White Flight May Not Be The Only Thing Keeping Schools Separate And Unequal

Are U.S. schools growing more segregated? It depends on who you ask.
Members of the 101st Airborne Division take up positions outside Central High School in Little Rock, Arkansas, in September 1
Members of the 101st Airborne Division take up positions outside Central High School in Little Rock, Arkansas, in September 1957. The troopers were on duty to enforce integration at the school.

White flight -- the phenomenon of white families fleeing their neighborhoods to avoid racially integrated schools -- is part of the reason why black and white students rarely learn together in the same classrooms. But it may not be the main reason, according to new research published this week.

The paper, which appeared Tuesday in the education policy reform journal Education Next, asserts that natural demographic changes are partly to blame for the country's ongoing school segregation. The paper recognizes that while black and white students are still largely segregated from each other, this problem is not necessarily getting worse.

There are two major ways to measure school segregation. One of them is called the exposure index, and by this yardstick, black and white students are still rarely learning together, though it's been over six decades since Brown v. Board of Education made segregated schools illegal.

Going by the exposure index, for the average black student in a U.S. public school in 2012, only 27 percent of his or her schoolmates were white -- a figure that has been on the decline in recent decades, says Dr. Steven Rivkin, an economist at the University of Illinois at Chicago and author of Tuesday's paper. In the 1980s, that figure was around 36 percent. Because today's figures are so far below those of 30 years ago, some academics believe the country's schools are gradually resegregating. 

Another measure of school segregation, known as the racial dissimilarity index, paints a different picture. According to this metric -- which compares the racial makeup of individual schools in a district to the racial makeup of that district overall -- school segregation has in fact been on the decline.

How do these two measures tell such different stories?

Rivkin theorizes that natural population changes shed light on the issue. With Hispanic and Asian making up a greater share of the student population, whites simply have a smaller enrollment share in public schools than they used to.
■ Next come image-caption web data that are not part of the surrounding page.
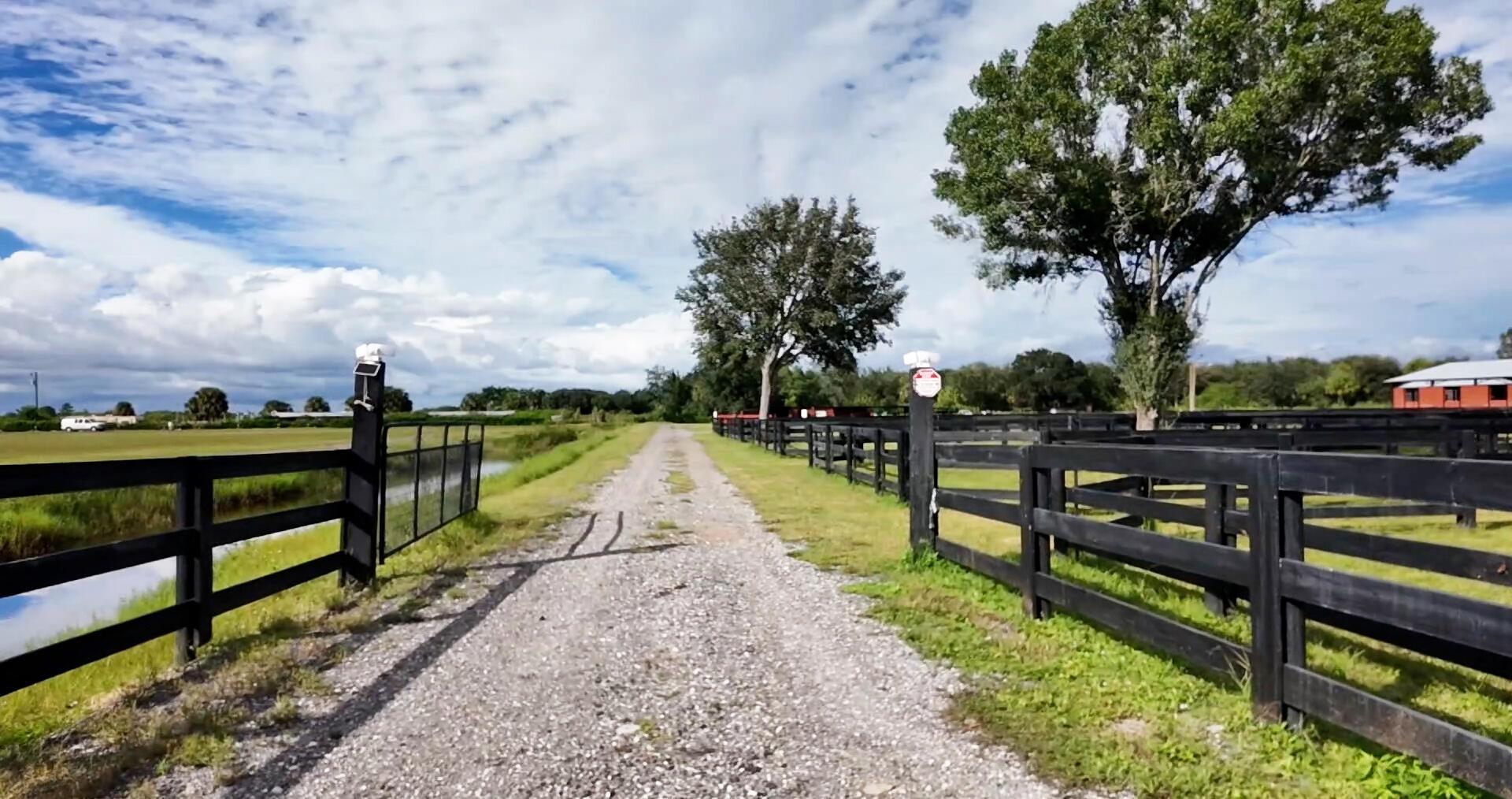 LOXAHACHEE - Residential Lease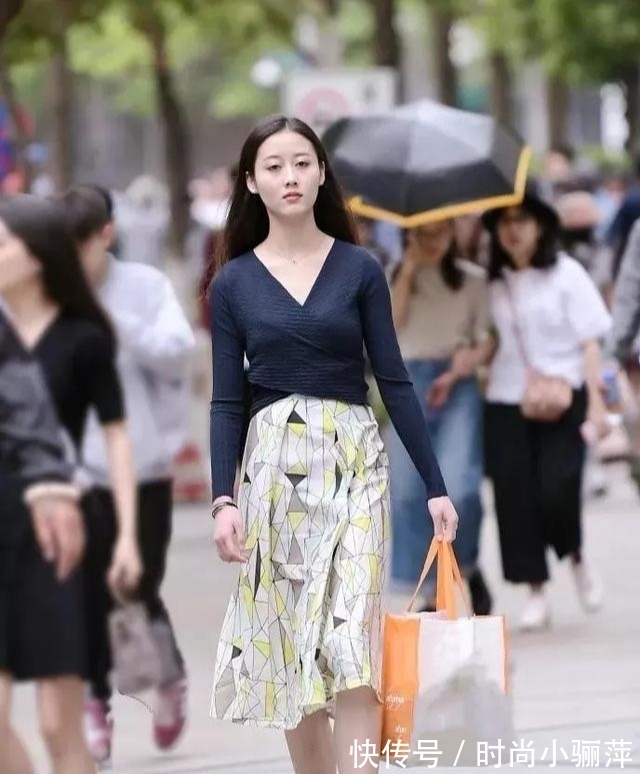 针织半身裙 V领针织半身裙,气质动人,清新自然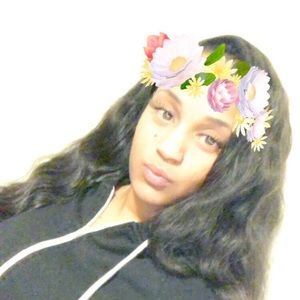 Meet your Posher, Alysia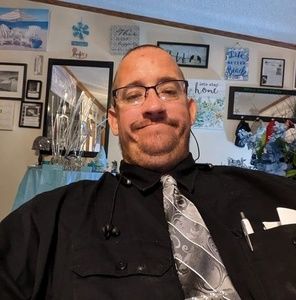 Meet your Posher, Kenneth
Thus, says Rivkin, "a pronounced increase in Hispanic and Asian public-school enrollment and consequent decline in the white enrollment share, not a pattern of resegregation, has driven the fall in the exposure of black students to white schoolmates." He points to the racial dissimilarity numbers as proof of this. 

A civil rights demonstration in 1964 commemorates Brown v. Board of Education. 
A civil rights demonstration in 1964 commemorates Brown v. Board of Education. 

"I think what people observe and talk about a lot is black children now have far fewer white schoolmates than they did around 1980, and that’s often referred to [as] resegregation. On average, I think that’s misleading," Rivkin told The Huffington Post. "There has been some resegregation in some districts that no longer undertake desegregation efforts, but in the country as a whole, children I think are more mixed than they’ve ever been in this country."

Of course, white flight and the relaxing of court orders that mandated school integration have played a part in low rates of racial exposure in school, says Rivkin. But he argues that such factors don't reveal the whole picture.

"I think this focus on the notion that desegregation was made untenable by white flight is not true," said Rivkin. "There was some white flight, but it's not the case that districts were not able to succeed in desegregating schools because all white children left." 

On the other hand, Gary Orfield, a professor and research for the UCLA Civil Rights Project who has spent his career studying segregation issues, maintains that the exposure measure is a significantly better indicator of school segregation. Using the dissimilarity index as a tool, he says, can be misleading. 

"The whole theory of the educational effect of desegregation comes from exposure, not randomness of distribution," Orfield told HuffPost -- although he acknowledged that because of demographic changes, "everything else being equal, there will be less exposure." 

The dissolution of court-ordered school desegregation plans in the 1980s and 1990s played a key role in the decline of school integration, according to Orfield. 

"I do believe that the demographics are the primary driver of re-segregation for Latinos, who were never really desegregated. For blacks, the dissolution of desegregation plans is obviously a major factor," he said. "The reason we concentrate on exposure is because the benefits of desegregation come from actual [racial] contact under particular conditions."

The Education Next paper comes amid growing speculation that new acting U.S. Secretary of Education John King will make school integration a priority. In his previous role as the New York state education commissioner, King initiated a grant program to encourage socioeconomic integration. 

Schools that are integrated better reflect our values as a country,” King said in a September speech. 

CORRECTION: A previous version of this story stated that Dr. Rivkin is affiliated with the University of Chicago. In fact, he is at the University of Illinois at Chicago.